Das 19. Jahrhundert ist von politischen Revolutionen, wissenschaftlichen Errungenschaften,
technischen Innovationen und einer noch nie dagewesenen globalen Vernetzung von Menschen,
Staaten und Märkten geprägt. Die Tatsachen, dass Zeitgenossen im 19. Jahrhundert die
Intensivierung der wirtschaftlichen Beziehungen bemerkten und dass eine Definition des Begriffs
„Weltwirtschaft“ auch zum ersten Mal in der ersten Hälfte des 19. Jahrhunderts auftaucht,
geben Anlass dazu, die wirtschaftlichen Beziehungen zwischen den Staaten im 19.
Jahrhundert im Hinblick auf den Beginn der frühen europäischen Weltwirtschaft näher zu
analysieren und sie zum Gegenstand dieser Arbeit zu machen. Der Fokus liegt dabei auf der
Leitfrage, wann sich ein möglicher Beginn der europäischen Weltwirtschaft setzen lässt.
[...]
Inhaltsverzeichnis
1. Einleitung
1.1 Vorwort
1.2 Europäische Weltwirtschaft – Begriffserklärung
2. Hauptteil
2.1 Die Entstehung der globalen Wirtschaft
2.1.1 Frühe Wirtschaftsformen
2.1.2 Politische Umwälzungen und technologische Innovationen im 18. und 19. Jahrhundert
2.1.3 Erste Schritte zu einer Freihandelspolitik.
2.1.4 Allgemeine infrastrukturelle Änderungen
2.1.5 Die Bedeutung der neuen Transport- und Kommunikationstechnologien für die Weltwirtschaft
2.1.6 Zusammenfassung und Bewertung
2.2 Europa und die Weltwirtschaft
2.3 Periodisierung
3. Fazit
Zielsetzung & Themen
Die vorliegende Arbeit untersucht den Beginn der europäischen Weltwirtschaft im 19. Jahrhundert unter der zentralen Forschungsfrage, wann sich ein definierbarer Startpunkt für dieses globale Wirtschaftssystem festsetzen lässt und welche strukturellen Veränderungen diesen Prozess ermöglichten.
- Analyse der Begriffsdefinition von "Weltwirtschaft" und "Europa" im historischen Kontext.
- Untersuchung des Einflusses der Industriellen Revolution auf Produktion und Arbeitsteilung.
- Bewertung der Bedeutung von Freihandelspolitik und Zollverträgen (z. B. Cobden-Chevalier-Vertrag).
- Einfluss der neuen Transport- und Kommunikationstechnologien auf die globale Vernetzung.

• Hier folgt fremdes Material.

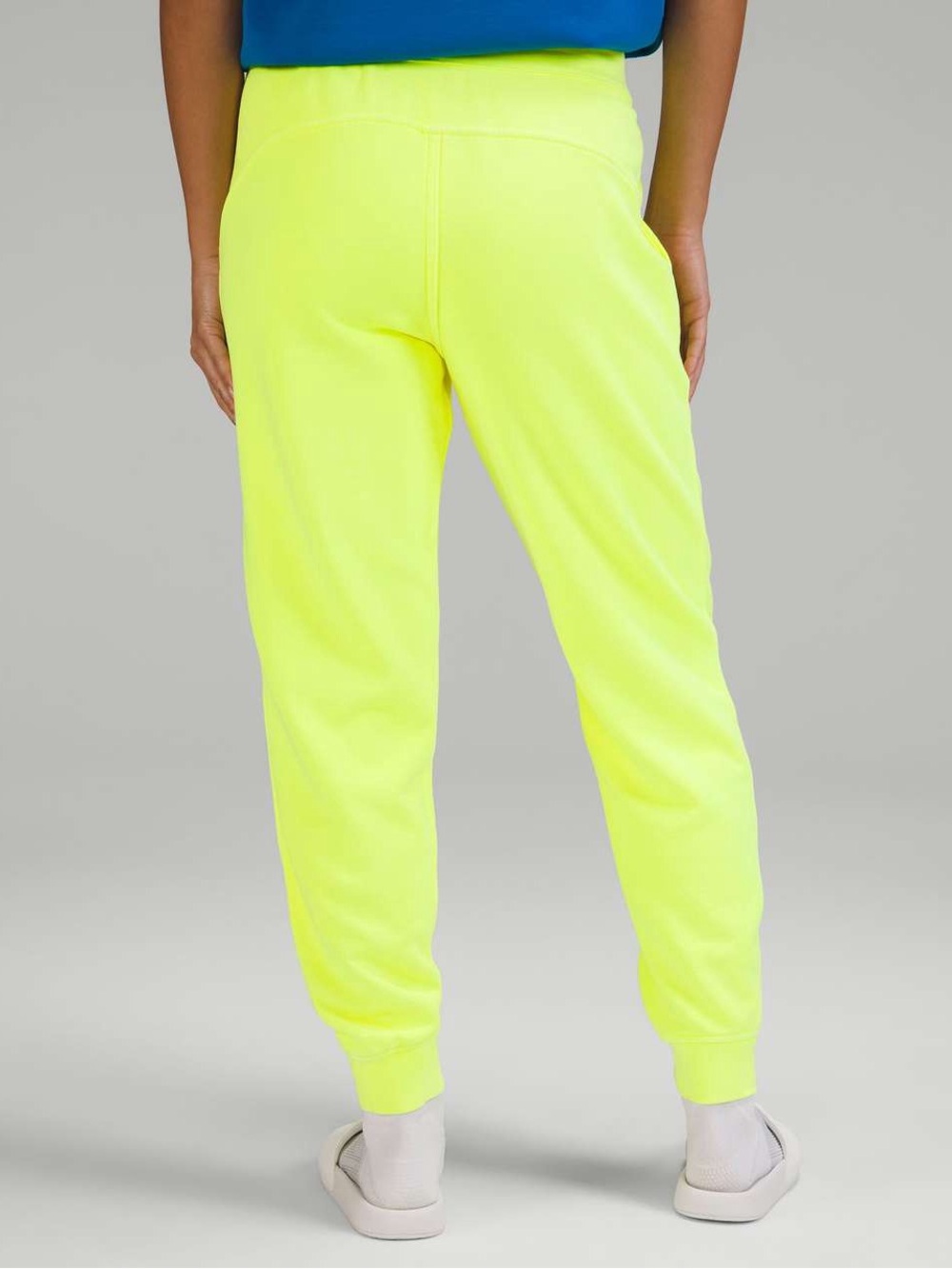 Lululemon Scuba High-Rise French Terry Jogger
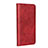 Custodia Portafoglio In Pelle con Stand L01 per Huawei P30 Rosso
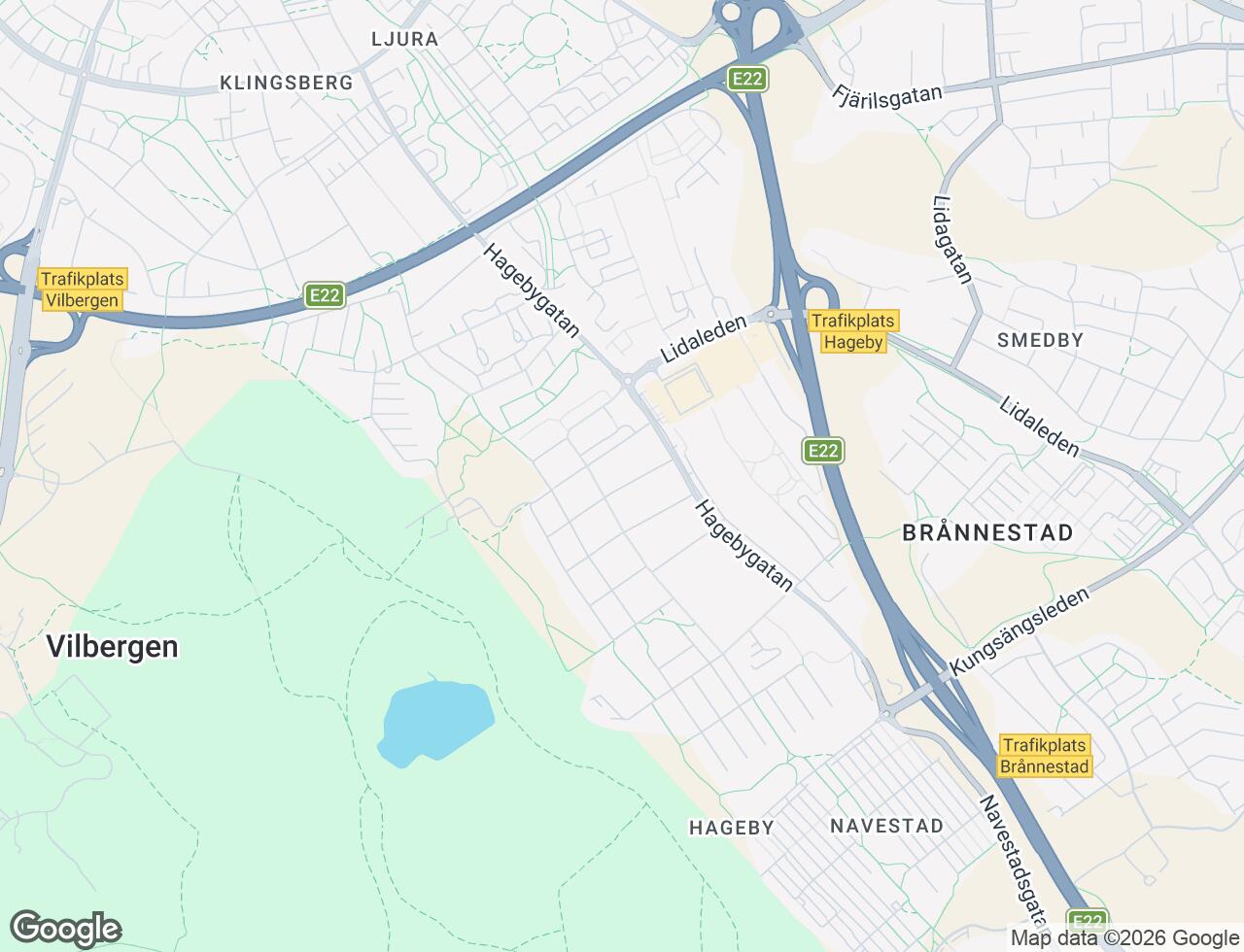 Karta över Limmaregatan 16 i 60 Norrköping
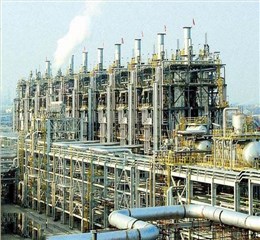 南京揚(yáng)子乙烯項(xiàng)目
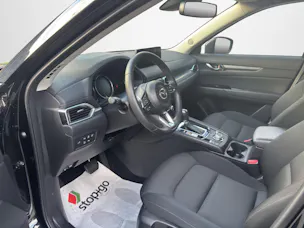 MAZDA CX-5 e-Skyactiv-G 194 Advantage AWD Automat
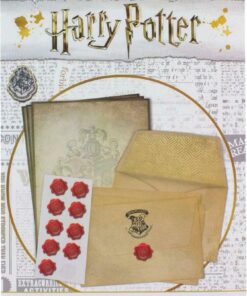 Paladone Harry Potter - Hogwarts Letter Writing Set (PP4234HPV2)
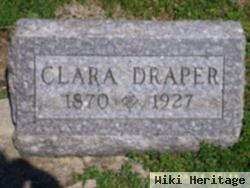 Clara Mix Draper Billing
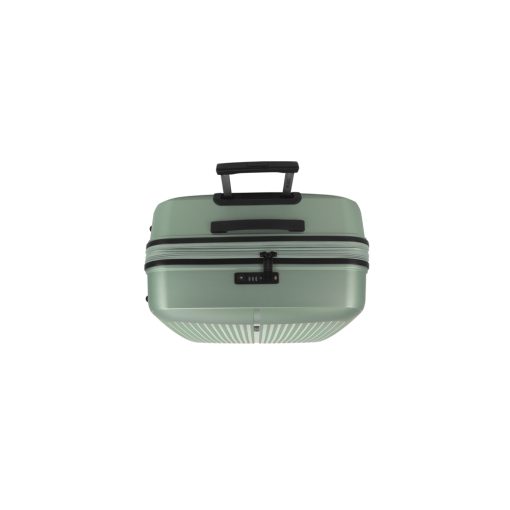 Kofer veliki PROŠIRIVI 51x75x31/34cm Brooklyn 109/119,6 l-4,5 kg zelena Gabol - Image 4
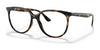 Ray-Ban RX4378V Eyeglasses / Havana №2012 / Size 52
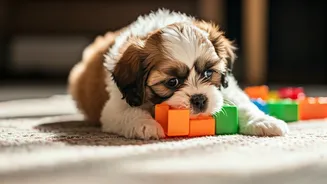 Shih Tzu: 6 Tail-Wagging Reasons This Breed is a Child's Best Friend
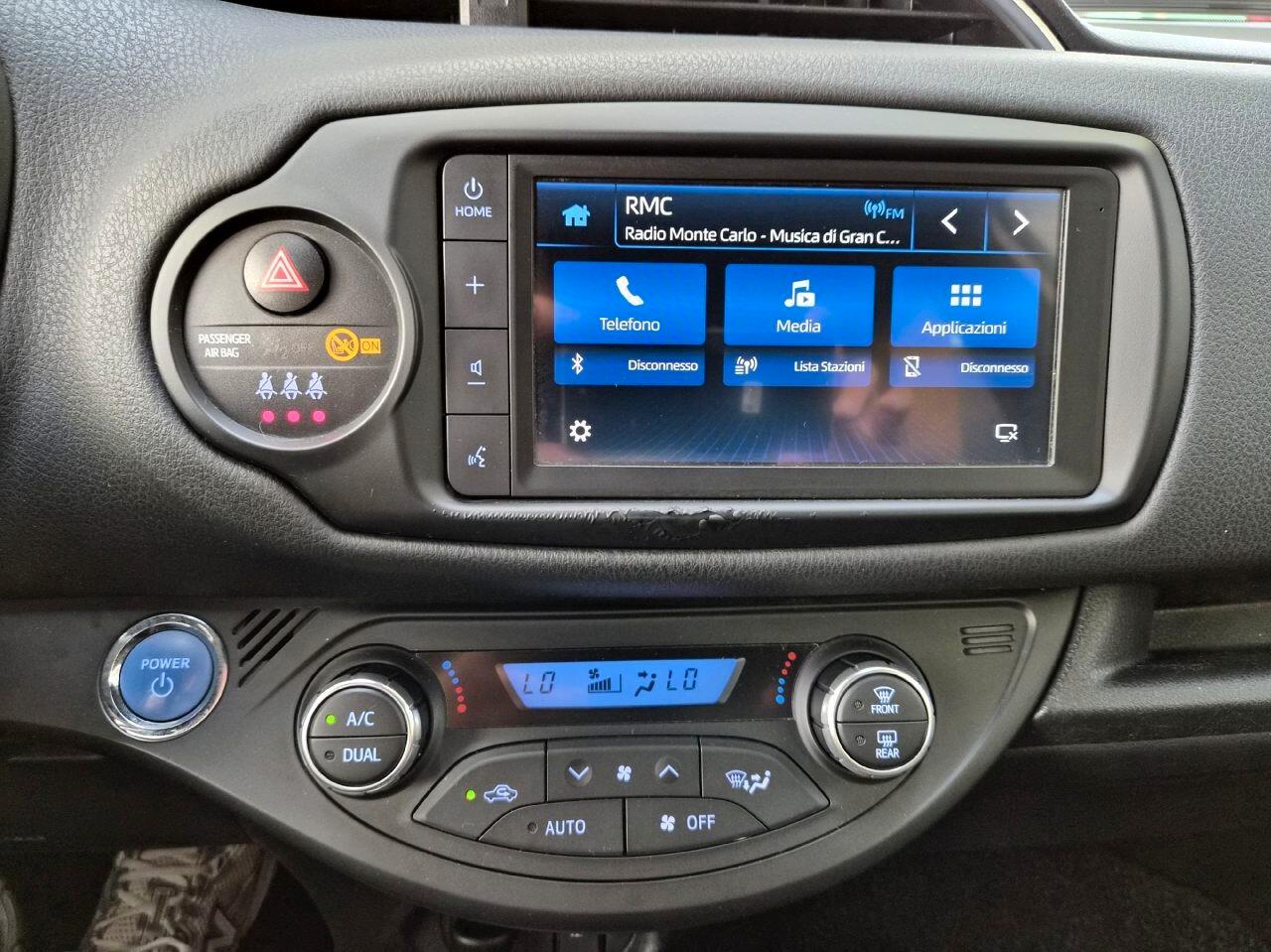 Toyota Yaris GR Sport 1.5 Hybrid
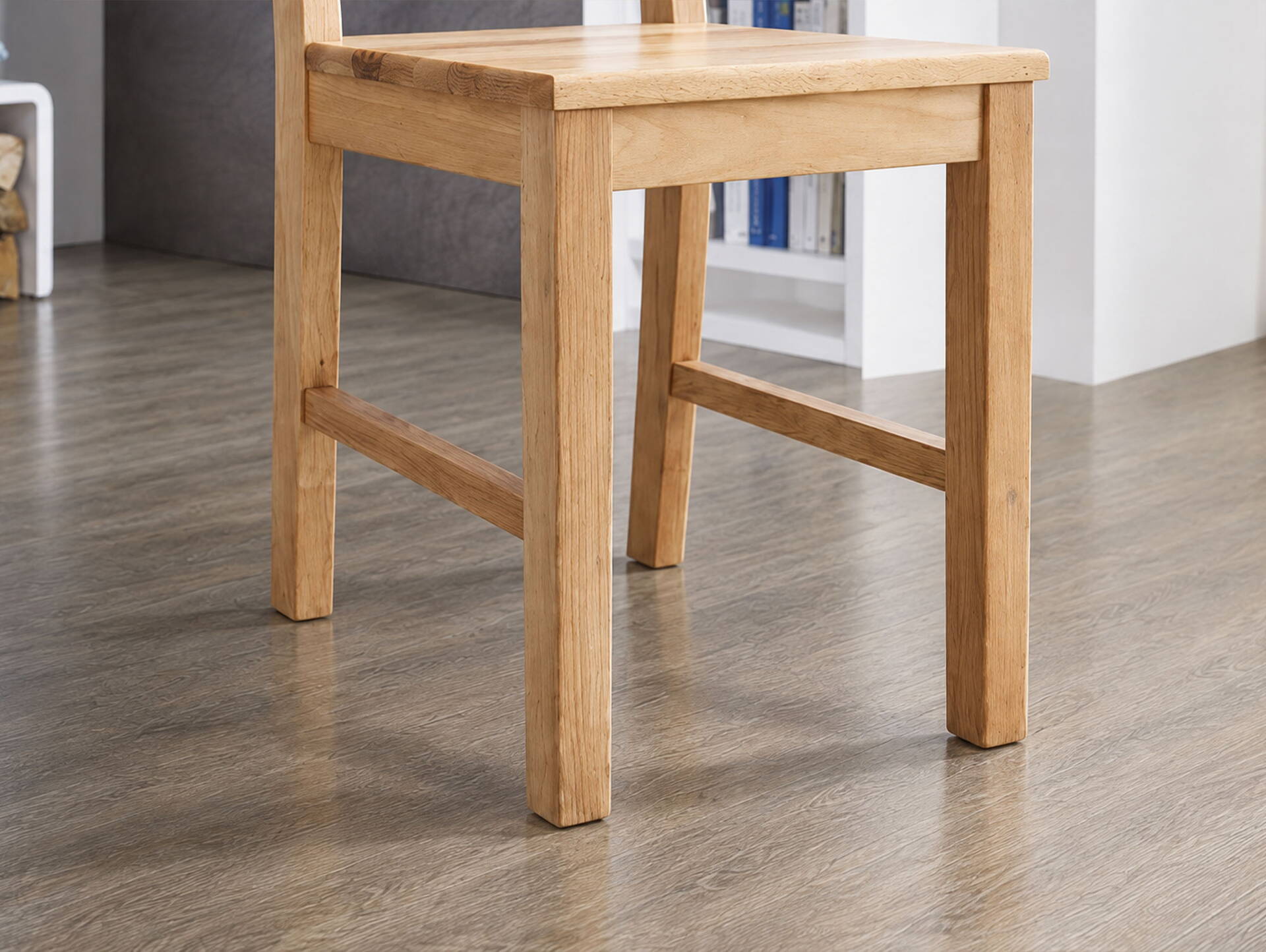 KAI Esstischstuhl, Material Massivholz Kernbuche | geölt | 1 Stück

- Betrachtung der sozialen Auswirkungen und der demografischen Veränderungen im 19. Jahrhundert.
Auszug aus dem Buch
2.1.2 Politische Umwälzungen und technologische Innovationen im 18. und 19. Jahrhundert
Die zweite Hälfte des 18. Jahrhunderts war von einem sozialen und wirtschaftlichen Umbruch gekennzeichnet. Sozialpolitisch sind unter anderem die Französische Revolution 1789 zu nennen, die insbesondere deswegen wichtig ist, weil sie zur Ausbreitung von aufklärerischem Gedankengut diente, woraus dann später die Menschenrechte formuliert wurden.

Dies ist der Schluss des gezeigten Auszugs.